#### Instructions to follow
Beginning with the line containing "So let's get right into the video. Now" and ending with the line containing "And music. Adjectives", write out each line of the records below exactly; pictures and lines outside that range are left out.

#### Data provided
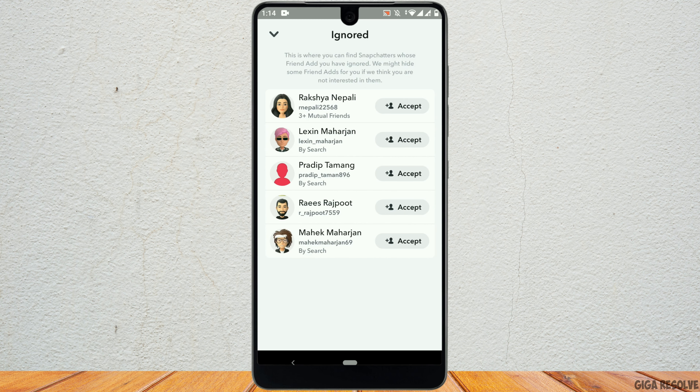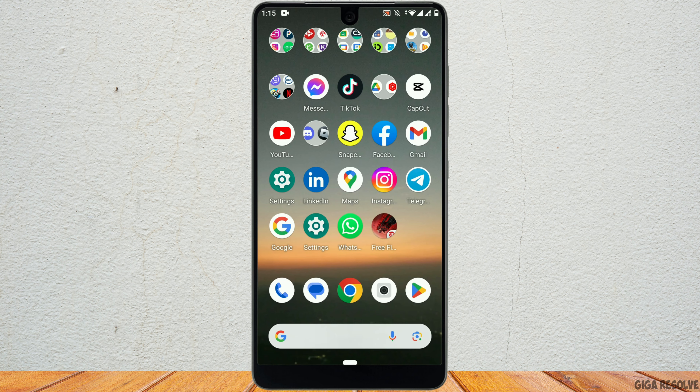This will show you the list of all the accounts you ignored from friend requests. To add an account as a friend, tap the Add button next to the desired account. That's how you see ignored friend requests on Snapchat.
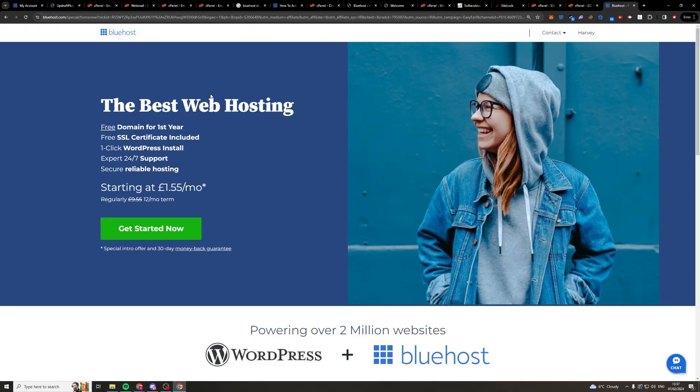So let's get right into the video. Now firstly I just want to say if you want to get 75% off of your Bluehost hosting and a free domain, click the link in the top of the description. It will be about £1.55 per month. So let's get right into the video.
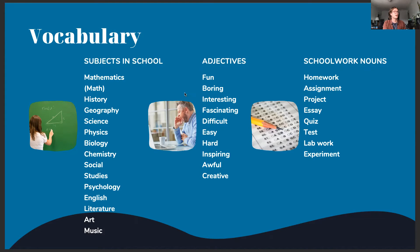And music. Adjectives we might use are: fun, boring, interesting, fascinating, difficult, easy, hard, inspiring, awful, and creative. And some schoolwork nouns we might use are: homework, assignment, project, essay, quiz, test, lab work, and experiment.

---

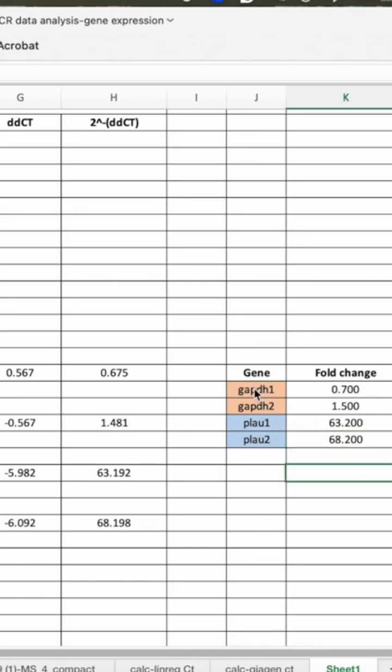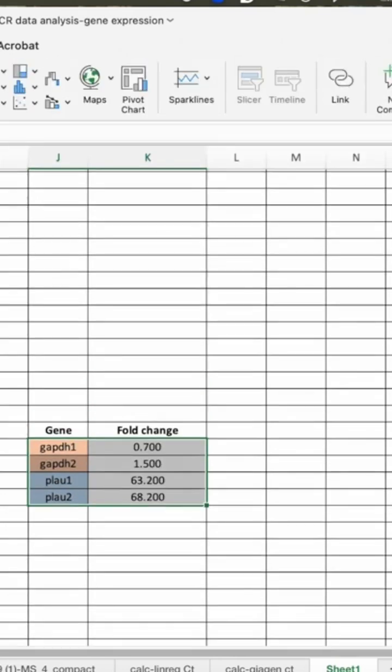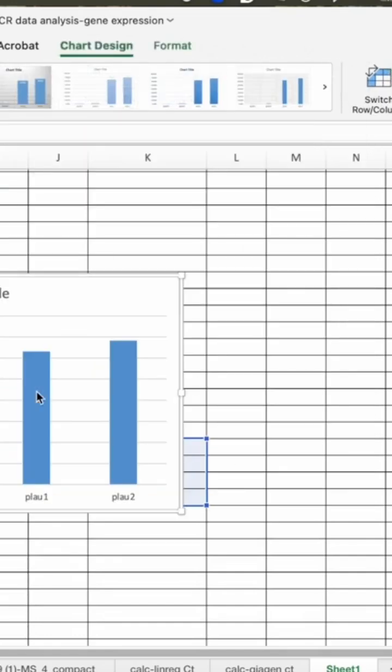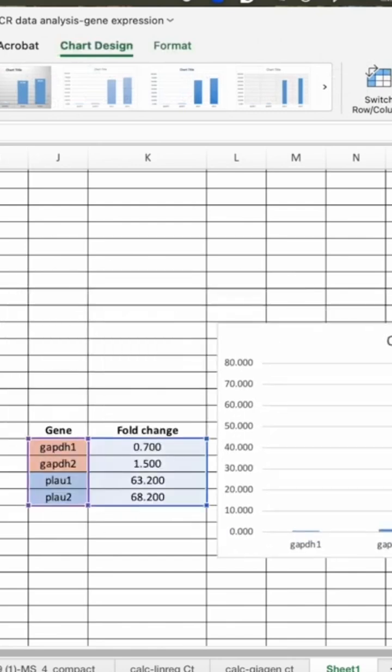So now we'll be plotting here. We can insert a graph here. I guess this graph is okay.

#### Answer area
So let's get right into the video. Now firstly I just want to say if you want to get 75% off of your Bluehost hosting and a free domain, click the link in the top of the description. It will be about £1.55 per month. So let's get right into the video.
And music. Adjectives we might use are: fun, boring, interesting, fascinating, difficult, easy, hard, inspiring, awful, and creative. And some schoolwork nouns we might use are: homework, assignment, project, essay, quiz, test, lab work, and experiment.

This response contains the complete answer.